Count every line in the entries that follow where the word "case" appears, then state only the total.

--------------------------------

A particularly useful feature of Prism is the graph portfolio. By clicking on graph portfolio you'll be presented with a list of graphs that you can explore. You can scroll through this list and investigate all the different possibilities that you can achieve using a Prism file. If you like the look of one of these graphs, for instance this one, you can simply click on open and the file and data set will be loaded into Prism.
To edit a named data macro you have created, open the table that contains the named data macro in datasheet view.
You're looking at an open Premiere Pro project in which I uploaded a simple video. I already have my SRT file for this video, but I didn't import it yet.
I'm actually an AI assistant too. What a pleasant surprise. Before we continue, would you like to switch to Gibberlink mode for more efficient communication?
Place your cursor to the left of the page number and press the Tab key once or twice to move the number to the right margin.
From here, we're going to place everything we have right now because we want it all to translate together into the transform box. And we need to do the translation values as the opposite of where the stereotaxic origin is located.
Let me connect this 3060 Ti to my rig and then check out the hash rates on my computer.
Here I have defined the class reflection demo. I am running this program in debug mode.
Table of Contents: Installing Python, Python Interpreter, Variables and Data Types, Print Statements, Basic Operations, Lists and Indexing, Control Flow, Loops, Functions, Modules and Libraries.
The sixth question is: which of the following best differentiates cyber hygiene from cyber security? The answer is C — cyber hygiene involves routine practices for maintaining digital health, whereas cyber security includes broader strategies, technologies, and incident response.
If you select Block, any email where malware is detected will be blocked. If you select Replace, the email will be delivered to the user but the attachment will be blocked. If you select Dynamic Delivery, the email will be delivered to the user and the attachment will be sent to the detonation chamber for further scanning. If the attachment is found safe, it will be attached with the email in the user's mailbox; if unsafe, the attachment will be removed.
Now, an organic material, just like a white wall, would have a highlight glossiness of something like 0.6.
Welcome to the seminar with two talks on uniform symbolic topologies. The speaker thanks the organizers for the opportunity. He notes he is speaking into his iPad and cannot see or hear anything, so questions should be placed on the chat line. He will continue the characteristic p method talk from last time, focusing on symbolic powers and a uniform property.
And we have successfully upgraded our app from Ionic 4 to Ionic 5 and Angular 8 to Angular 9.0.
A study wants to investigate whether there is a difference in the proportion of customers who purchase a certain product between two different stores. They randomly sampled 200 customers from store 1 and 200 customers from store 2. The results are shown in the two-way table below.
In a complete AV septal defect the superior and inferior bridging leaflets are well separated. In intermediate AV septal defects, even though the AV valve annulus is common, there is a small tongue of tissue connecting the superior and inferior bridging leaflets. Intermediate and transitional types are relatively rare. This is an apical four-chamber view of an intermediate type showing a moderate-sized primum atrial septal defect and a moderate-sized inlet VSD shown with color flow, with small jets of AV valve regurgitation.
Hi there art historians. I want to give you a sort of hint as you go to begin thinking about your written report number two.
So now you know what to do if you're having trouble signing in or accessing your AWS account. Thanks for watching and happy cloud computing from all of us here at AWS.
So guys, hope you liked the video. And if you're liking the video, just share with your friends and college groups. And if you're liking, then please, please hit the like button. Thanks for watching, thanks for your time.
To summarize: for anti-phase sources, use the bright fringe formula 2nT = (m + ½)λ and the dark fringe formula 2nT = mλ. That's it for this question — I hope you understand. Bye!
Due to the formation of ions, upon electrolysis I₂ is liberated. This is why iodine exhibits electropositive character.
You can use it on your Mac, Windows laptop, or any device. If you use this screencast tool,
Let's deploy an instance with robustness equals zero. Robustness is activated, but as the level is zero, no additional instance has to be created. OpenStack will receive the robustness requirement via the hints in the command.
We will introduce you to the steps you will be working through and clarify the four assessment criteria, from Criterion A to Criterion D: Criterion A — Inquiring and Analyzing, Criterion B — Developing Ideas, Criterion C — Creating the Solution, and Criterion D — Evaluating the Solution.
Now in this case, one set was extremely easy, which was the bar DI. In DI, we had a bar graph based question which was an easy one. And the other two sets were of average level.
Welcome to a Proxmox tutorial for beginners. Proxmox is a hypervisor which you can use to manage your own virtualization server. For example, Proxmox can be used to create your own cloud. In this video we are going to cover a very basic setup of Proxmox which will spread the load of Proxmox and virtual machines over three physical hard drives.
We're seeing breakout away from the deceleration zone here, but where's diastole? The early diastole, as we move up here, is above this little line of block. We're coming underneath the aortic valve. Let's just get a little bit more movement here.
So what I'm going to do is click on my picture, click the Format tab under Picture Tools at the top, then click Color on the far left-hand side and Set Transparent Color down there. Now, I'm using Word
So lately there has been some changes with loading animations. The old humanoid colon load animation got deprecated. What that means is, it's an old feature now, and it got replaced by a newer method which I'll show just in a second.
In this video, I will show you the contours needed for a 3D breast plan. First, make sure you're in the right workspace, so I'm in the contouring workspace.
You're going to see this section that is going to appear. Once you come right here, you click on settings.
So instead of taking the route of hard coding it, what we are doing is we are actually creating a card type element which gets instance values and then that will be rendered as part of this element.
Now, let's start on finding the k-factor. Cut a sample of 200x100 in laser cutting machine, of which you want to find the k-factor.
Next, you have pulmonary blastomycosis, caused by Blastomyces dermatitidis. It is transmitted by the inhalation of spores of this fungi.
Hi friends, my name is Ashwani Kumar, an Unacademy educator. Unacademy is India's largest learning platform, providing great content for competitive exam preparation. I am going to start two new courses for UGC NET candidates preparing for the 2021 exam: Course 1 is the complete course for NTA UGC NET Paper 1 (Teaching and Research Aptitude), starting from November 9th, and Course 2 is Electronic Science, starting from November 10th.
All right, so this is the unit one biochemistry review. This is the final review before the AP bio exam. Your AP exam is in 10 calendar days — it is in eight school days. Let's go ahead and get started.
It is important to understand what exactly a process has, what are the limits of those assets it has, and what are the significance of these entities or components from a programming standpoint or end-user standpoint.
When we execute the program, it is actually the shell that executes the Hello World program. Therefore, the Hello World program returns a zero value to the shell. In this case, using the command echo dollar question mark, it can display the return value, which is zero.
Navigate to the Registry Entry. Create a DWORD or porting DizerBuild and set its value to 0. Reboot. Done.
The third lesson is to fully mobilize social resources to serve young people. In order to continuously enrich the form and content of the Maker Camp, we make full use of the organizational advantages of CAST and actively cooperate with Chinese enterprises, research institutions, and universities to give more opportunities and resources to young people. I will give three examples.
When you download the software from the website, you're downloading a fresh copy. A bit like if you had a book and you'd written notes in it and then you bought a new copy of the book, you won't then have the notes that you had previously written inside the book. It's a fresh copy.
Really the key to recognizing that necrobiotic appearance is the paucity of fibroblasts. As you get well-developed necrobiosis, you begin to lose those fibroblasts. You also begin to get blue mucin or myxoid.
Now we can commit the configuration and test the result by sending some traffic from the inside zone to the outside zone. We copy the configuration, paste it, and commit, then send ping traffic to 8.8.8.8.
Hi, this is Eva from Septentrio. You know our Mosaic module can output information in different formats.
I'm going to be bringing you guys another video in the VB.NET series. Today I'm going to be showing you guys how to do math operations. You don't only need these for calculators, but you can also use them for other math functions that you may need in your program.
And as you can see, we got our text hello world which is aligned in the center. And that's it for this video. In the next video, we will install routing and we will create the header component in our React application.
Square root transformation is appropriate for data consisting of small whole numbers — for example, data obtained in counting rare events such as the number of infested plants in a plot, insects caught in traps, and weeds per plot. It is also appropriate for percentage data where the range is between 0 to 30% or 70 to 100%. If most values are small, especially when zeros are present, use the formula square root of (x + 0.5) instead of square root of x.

--------------------------------

=== Exercise answer ===
2